Büyücü Kral, Cüceleri süzdü.
Varlığının her parçası — tavırlarından diksiyonuna kadar olan her şey — ezici bir gücü olduğunun
kanıtıydı. Bir de onları karşısında korkudan sindirten mağrur, krallara layık
duruşu vardı. Sanki parmaklarındaki her eklem güç doluydu.
“O
hâlde herhangi bir itiraz yoksa, konuşmaya başlayabilir miyim?”
Cüceler sessiz bir biçimde kafa salladı.
“Öncelikle
bendeniz Büyücü Kral Ainz Ooal Gown. Bu dağlık alanın güneyindeki Tob’un Yüce Ormanı bana
ait. Siz saygıdeğer rün ustalarıyla tanışmak, beni çok mutlu ediyor. Pekâlâ:
Bugün sarf edeceğim kelimeler basit bir teklif hatta bir istek olacak. Ülkeme
gelin.

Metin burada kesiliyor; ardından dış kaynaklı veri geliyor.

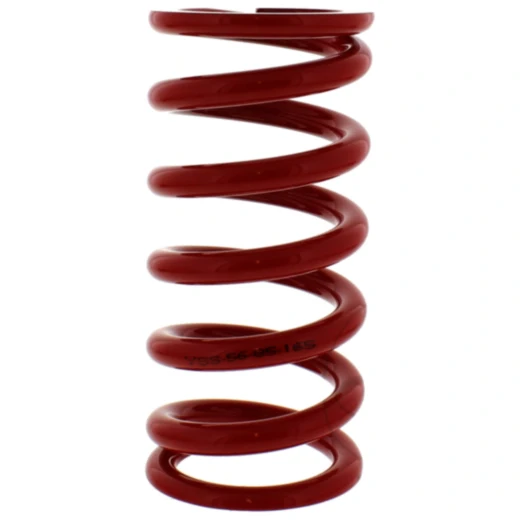 Feder Mono rot YSS 56-85-165 für Motorräder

Siz rün ustalarını, büyülü eşya geliştirmede bir devrim başlatmak için
kullanmak istiyorum.”
Büyücü Kral’ın sözlerini duyar duymaz hayal kırıklığından ve umutsuzluktan
doğan bir acı dikeni, Gondo’nun
kalbini delmişti.
Gondo başını salladı.
Babasını ve dedesini boş verip yanındaki ustaların
yüzlerine baktı. Hepsinin yüzünde acı bir ifade vardı. Cevapları pek de
pozitifmiş gibi durmuyordu.
“Affedersiniz
fakat sormak istediğim bir soru var.”
Elini kaldıran Cüce, Gondo’ya baktı.
“Neden
zanaatimizi istiyorsunuz? Açık konuşmak gerekirse, bu, bu ülkede de ölmek üzere
olan bir sanat.”
Konuşan cüce, oradaki cücelerden daha yaşlı olanlardan
biriydi.
“Çok
basit. Sanatınızın kayıp sırlarını yeniden keşfetmenizi istiyorum.”
“Kayıp
mı?”
Rün ustalarının gözleri ona bakarken, Büyücü Kral,
cebindeki boyuttan bir kılıç yaptı.
Cücelerin hepsi şaşırıp kaldı.
Yoktan bir kılıç çıkması hepsini şaşırttı. Ayrıca kutsal
olmayan ışıkla kaplı olan iskelet kralı elinde kılıç tutarken görmek, herkes
için dehşet verici bir görüntüydü.
Ama Gonzo ve diğer herkesin şaşırmasının sebebi başka bir
şeydi.
Ainz’in
çıkardığı kılıç, olağanüstü bir kaliteye sahip kara bir kılıçtı. İnanılmaz
derecede sivriydi ve büyülü bir ışıkla parlıyordu.
“Ne
kadar... Müthiş bir kılıç...”
“İnanılmaz...
Hayatımda böyle bir şey görmedim...”
“Bu
Cüce mitolojisindeki kılıç mı?”
“Ohhh!
Bu ne güzel bir manzara...”
Büyücü Kral, kılıcı sanki Cücelere gösterirmişçesine
kaldırdı. Gondo’nun
gözleri de içgüdüsel olarak parıltıyı takip etti.
“Pekâlâ
beyler, kılıcın sapına dikkat edin.”
Gondo, Büyücü Kral’ın gösterdiği yeri takip etti ve ağladı. Diğer demirciler de
aynı şeyi yaptı.
Üstüne yontulmuş 20 tane mor rün vardı.
Ancak Gondo, kılıçtaki rünlerden birinin Büyücü Kral’ın tüneldeki
karşılaşmalarında tarif ettiğine benzediğini fark etti.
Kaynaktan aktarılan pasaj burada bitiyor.